→ **Work order**: Restate the listing below word for word, pictures excluded.

→ **Dataset excerpt**:
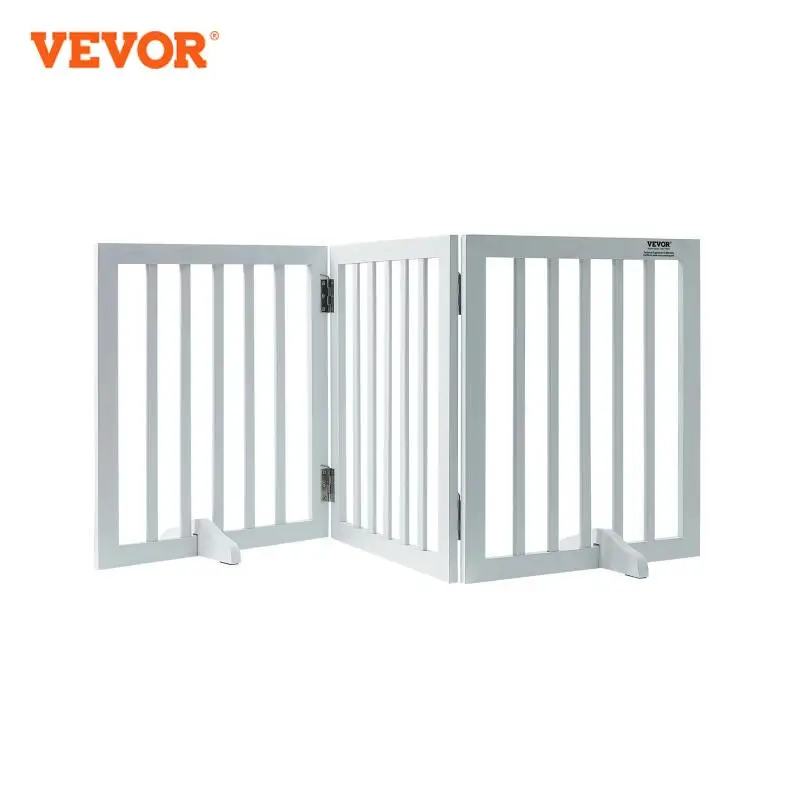 Dog Gate Freestanding Foldable 3 Panels for Narrow Passageways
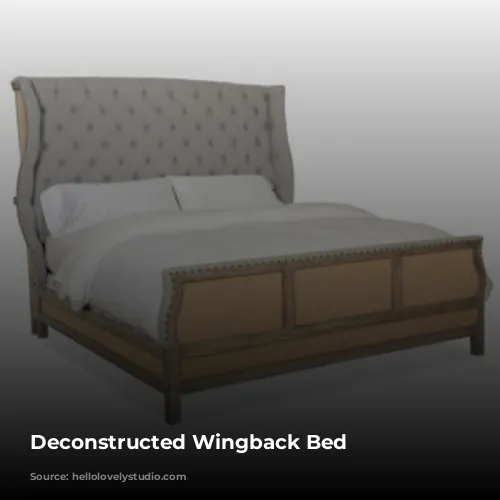 Deconstructed Wingback Bed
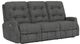 Flexsteel® Customizable Devon Fabric Power Reclining Sofa with Power Headrests-4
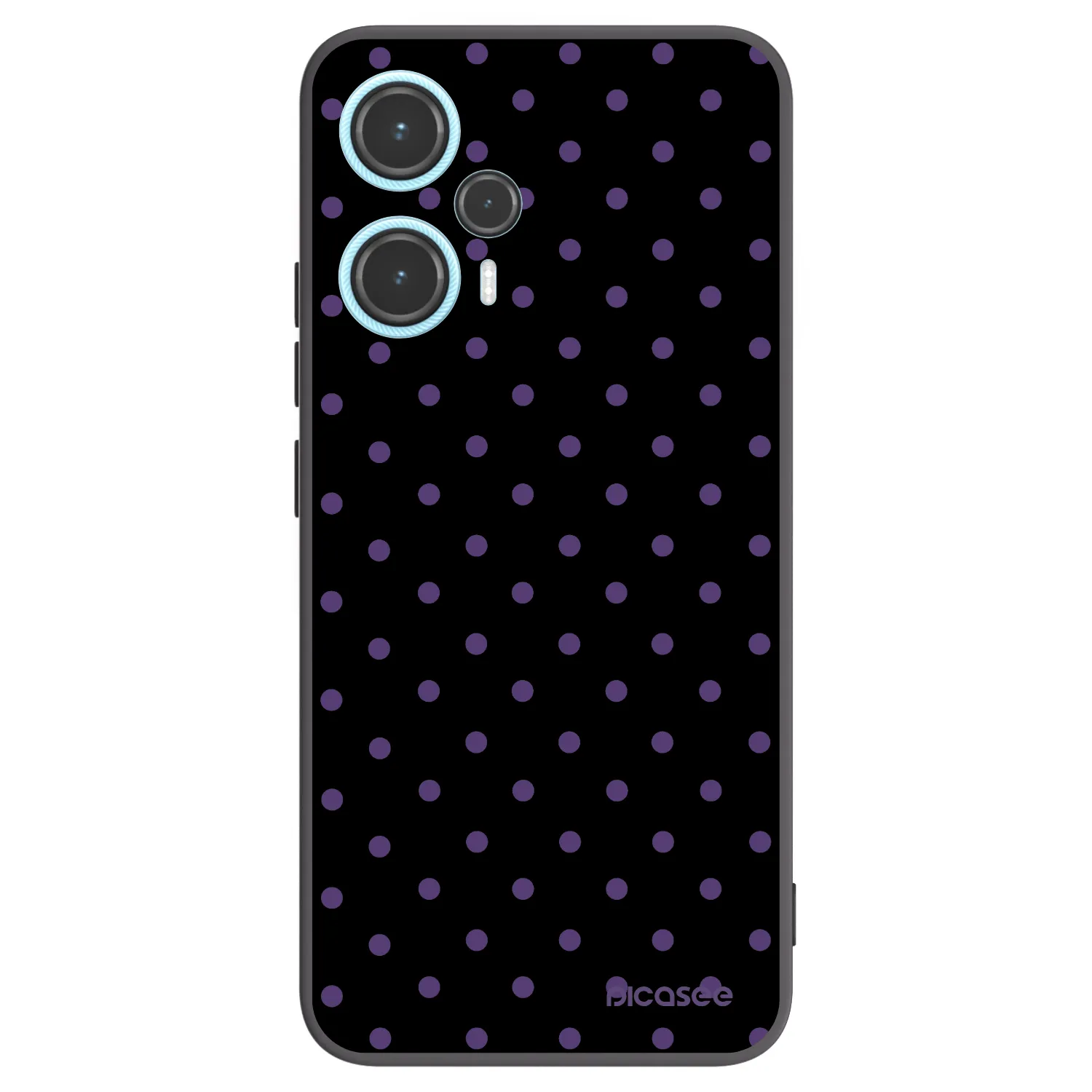 Picasee silikonski črni ovitek za Xiaomi Poco F5 - Flickers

→ **Answer to this exercise**:
 Dog Gate Freestanding Foldable 3 Panels for Narrow Passageways
 Deconstructed Wingback Bed
 Flexsteel® Customizable Devon Fabric Power Reclining Sofa with Power Headrests-4
 Picasee silikonski črni ovitek za Xiaomi Poco F5 - Flickers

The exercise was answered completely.